The independent spirit of our age refuses gifts. Thus utilitarian philosophers introduced the terms intellectual work and intellectual worker to justify academic careers. This justification means a reduction, and Pieper understands the terms as contradictions. The terms are based on two false theses: first, that human knowing is only discursive; second, that effort becomes a criterion of truth. Combined with the utilitarian doctrine that only work contributes to society, academics become merely functional. The liberal arts lose their freedom. Philosophy is the most liberal of the liberal arts, but it too is made servile. Pieper insists that academics is more than career training, but that is actually what it has become in modern society. Educated now means specialized. The focus shifts from holistic vision to a disjointed study of parts.
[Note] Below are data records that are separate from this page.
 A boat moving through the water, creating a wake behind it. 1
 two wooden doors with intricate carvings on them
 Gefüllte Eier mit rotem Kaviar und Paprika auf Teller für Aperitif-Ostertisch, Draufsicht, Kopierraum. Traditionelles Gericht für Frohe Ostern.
The modern world has also done damage to the meaning of the term leisure. It is not, as is often thought, idleness. In fact, idleness is born of a lack of leisure or an inability to be still. St. Paul’s warning about “busybodies” comes to mind (cf. 2 Thessalonians 3:11-12). Pieper recalls one of the seven deadly sins, acedia, an intense boredom of life and existence. Leisure is its antidote. Whereas work is an activity, leisure is a non-activity in the sense that we must be still in order to hear. If work is an effort, then leisure is a celebrating spirit – energetic, but not the kind of energy which strains us.

At the end of his essay, Pieper reviews some attempts to regain leisure. The first attempt merely argues art for art’s sake. The second attempt appeals to tradition, especially the classical and medieval traditions of Europe. The last attempt is humanism. Judging these inadequate, Pieper’s own suggestion is his most surprising claim: that the religious festival is the origin of leisure. So far from effortlessly transitioning to the state, man actually needs divine influence to be at leisure. The festival is necessary to leisure, as its sacrifice is the opposite of utility. Leisure without worship becomes toilsome. Work without leisure is inhuman.

But the greatest obstacle to renewing leisure is the proletariat, by definition a class bound to the working process. Pieper proposes three measures for their liberation: encourage the proletariat to accumulate property from their wages, limit the power of the state, and overcome the internal, spiritual poverty of the proletariat.

Leisure will liberate the working class from its work, the academic class from utilitarian demands, and refresh culture all at the same time. But if leisure is only possible in a theocentric world, can leisure be regained in societies which long ago began to venerate work in the place of God?